● **ASSIGNMENT**:
Write out the data below exactly as given, without any of its pictures.

··· SOURCE MATERIAL ···

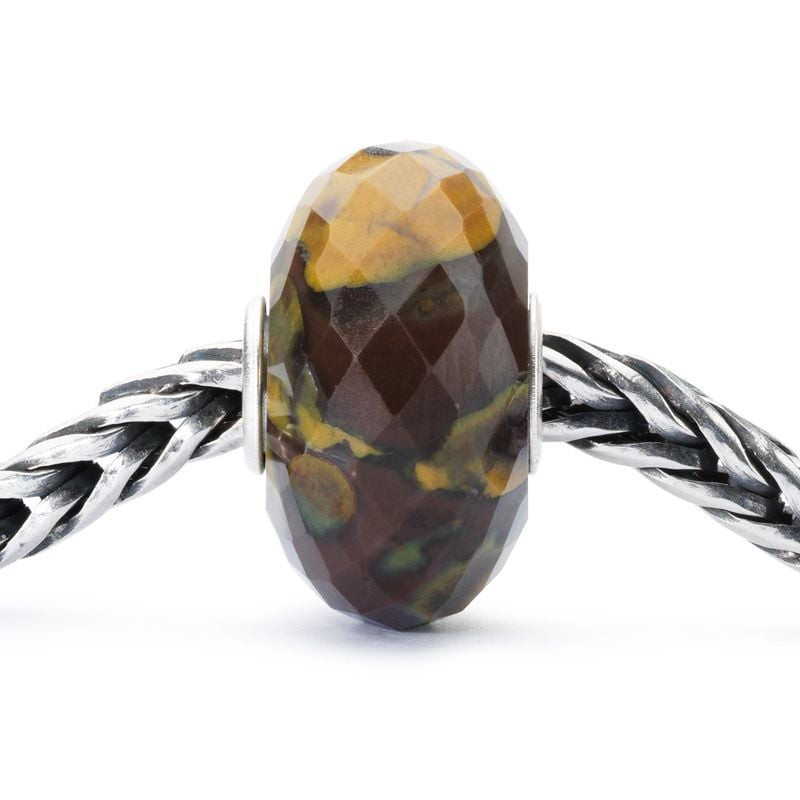 Gros plan sur la bille de calcite Trollbeads facettée et ses inclusions ambre, brunes et olive, brac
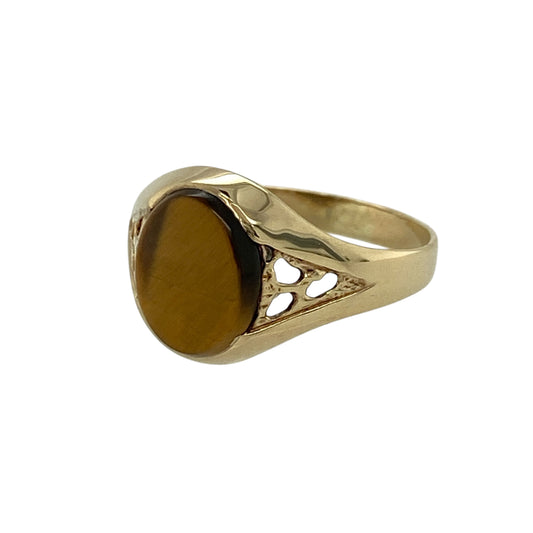 Add a bold and distinctive piece to your jewellery collection with this pre-owned 9ct yellow gold tiger’s eye oval signet ring, combining classic styling with rich natural character—perfect for everyday wear or making a subtle statement.

Design: The ring features a traditional oval signet design, set with a striking tiger’s eye gemstone that displays its characteristic golden-brown bands and chatoyancy.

···

● **SOLVED PROBLEM**:
 Gros plan sur la bille de calcite Trollbeads facettée et ses inclusions ambre, brunes et olive, brac
 Add a bold and distinctive piece to your jewellery collection with this pre-owned 9ct yellow gold tiger’s eye oval signet ring, combining classic styling with rich natural character—perfect for everyday wear or making a subtle statement.

Design: The ring features a traditional oval signet design, set with a striking tiger’s eye gemstone that displays its characteristic golden-brown bands and chatoyancy.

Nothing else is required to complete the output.